No tenía más de ocho o nueve años, cuando mi papá me regaló una Guía Peuser. Era un librito de tapa multicolor y páginas interiores de gramaje muy fino en blanco y negro. Traía la lista de las calles y, a modo complementario, un mapa desplegable de la Capital Federal.  El obsequio era la respuesta a un pedido que yo mismo le había hecho, motivado por la sed de conocer más y más sobre el trazado callejero de nuestra ciudad.

Tan pronto como tuve entre mis manos el regalo, mi papá me enseñó a usarlo. Abrimos el mapa –que estaba doblado en varias parte- sobre mi cama y supe así que para ubicar  cualquier calle en él, antes era necesario buscarlo en el librito, donde se las había ordenado por orden alfabético. Al localizarla, seguía la sencilla tarea de memorizar una letra y un número, que podía ser: A1, B4, C5, D7, etc, etc … Al igual que el juego de la batalla naval, el mapa estaba dividido en cuadrados identificados con números y letras. Para facilitar su explicación, mi papá ejemplificó con Achupallas, una de las primeras calles de la guía. Observamos el código en la página de la Peuser,  enseguida fijamos la mirada en el mapa y, efectivamente, allí estaba, la pequeñísima inscripción “Achupallas”, junto a la línea blanca que simbolizaba la arteria, perdida entre cuadraditos y rectángulos naranjas, la expresión simbólica  de las miles y miles de cuadras porteñas.

Deslumbrado por la adquisición, comenzó un camino que llega hasta nuestros días.

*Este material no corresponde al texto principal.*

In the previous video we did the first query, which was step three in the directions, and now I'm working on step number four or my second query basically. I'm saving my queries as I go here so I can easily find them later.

Uno de mis primeros “trabajos”, lo hice a los pocos días de tener la guía entre mis manos. En la casa de Linneo al 1900, apoyé algunas hojas rayadas sobre la mesa del comedor, una lapicera (también estaba la guía, por supuesto), y me propuse armar una lista de avenidas en las cuales terminaban otras avenidas. Es que aquella Peuser, además de la altura, detallaba adónde empezaba y terminaba cada calle. No recuerdo si llegué o a finalizar la ciclópea tarea –más bien, creo que no-, pero lo que sí era seguro, es que a tan temprana edad ya me movilizaban esas pequeñas cosas, tan simples, tan inútiles a lo mejor, pero en lo personal, tan apasionantes.

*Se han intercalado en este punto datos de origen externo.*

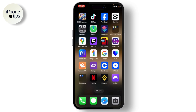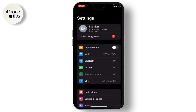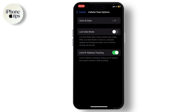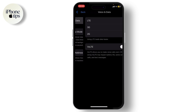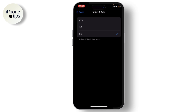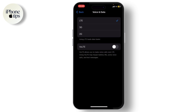Now let us begin. The first step is to go to Settings, then go to Cellular, then Cellular Data Options, and then tap on Voice and Data. Make sure that you've turned on LTE — just select LTE, not 3G or 2G.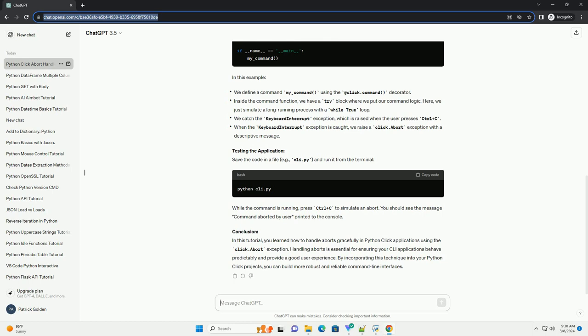Conclusion: In this tutorial, you learned how to handle aborts gracefully in Python Click applications using the click.abort exception. Handling aborts is essential for ensuring your CLI applications behave predictably and provide a good user experience. By incorporating this technique into your Python Click projects, you can build more robust and reliable command line interfaces.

Los años pasaron. Con el tiempo, tuve la posibilidad (la tengo) de recorrer la geografía porteña yo mismo. De visitar “in situ” lugares que permanecían escondidos tras el misterio de un plano dibujado. Sin embargo, hoy me siento adelante de una computadora y al abrir el mapa de Buenos Aires experimento la misma sensación de aquel niño de ocho o nueve años que ansiosamente curioseaba dentro de la Peuser. Lo digital habrá reemplazado al papel, pero la pasión, sigue siendo la misma.